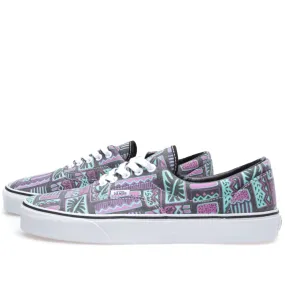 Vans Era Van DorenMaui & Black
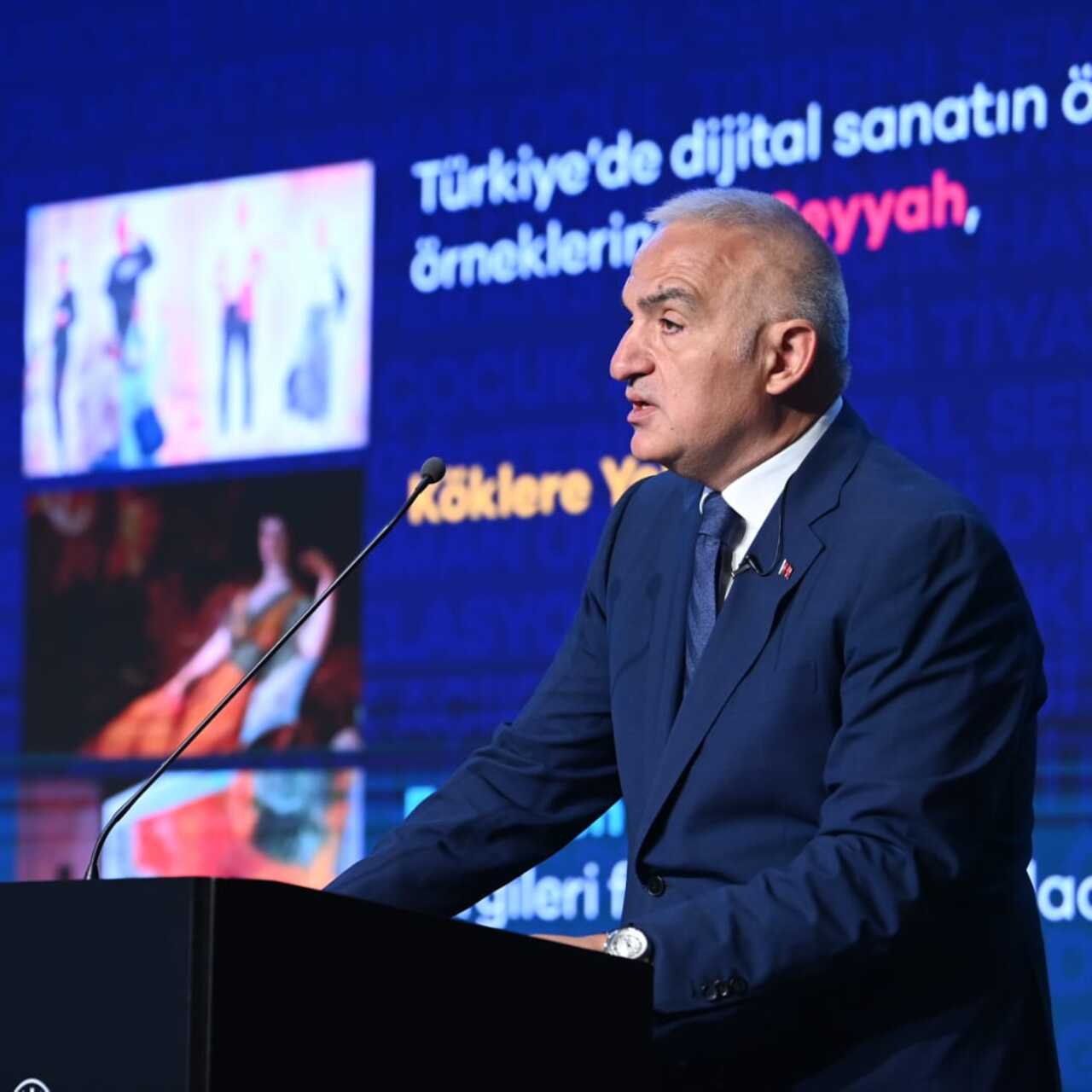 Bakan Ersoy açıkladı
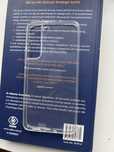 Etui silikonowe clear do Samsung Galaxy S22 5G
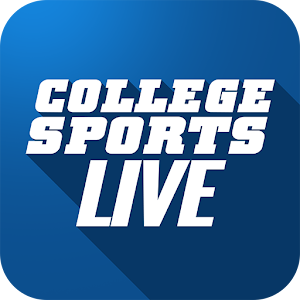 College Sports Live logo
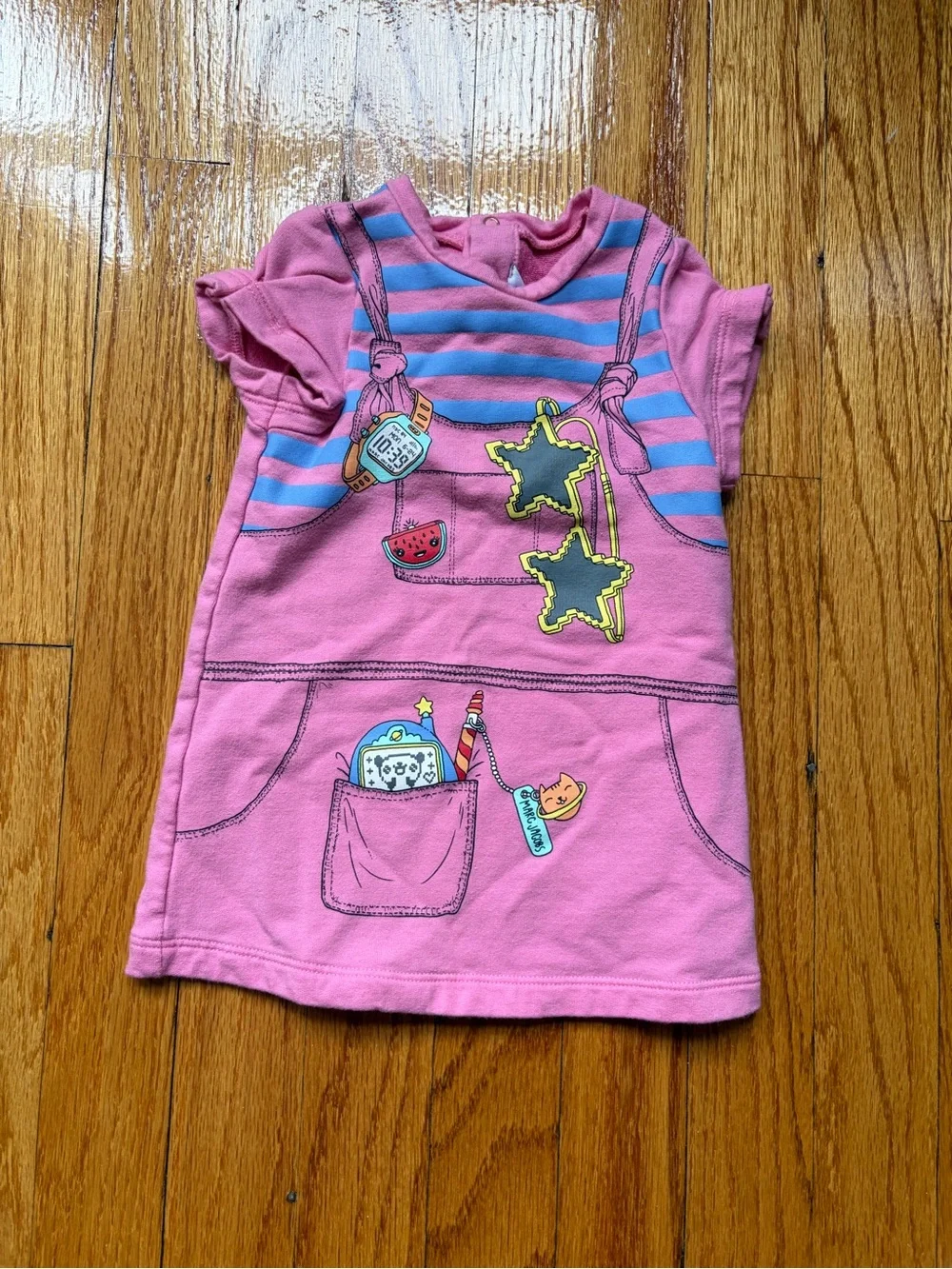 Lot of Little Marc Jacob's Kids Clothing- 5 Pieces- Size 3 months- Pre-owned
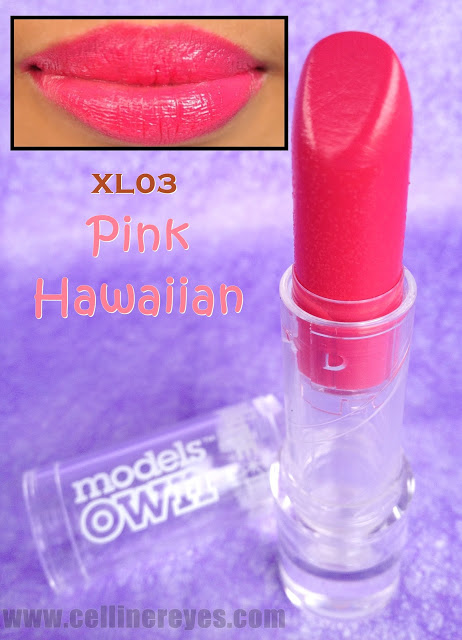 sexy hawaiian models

• • •

### TASK INSTRUCTIONS
Your copy should match the listing exactly, apart from the pictures it leaves out.

### ANSWER BOX
 Vans Era Van DorenMaui & Black
 Bakan Ersoy açıkladı
 Etui silikonowe clear do Samsung Galaxy S22 5G
 College Sports Live logo
 Lot of Little Marc Jacob's Kids Clothing- 5 Pieces- Size 3 months- Pre-owned
 sexy hawaiian models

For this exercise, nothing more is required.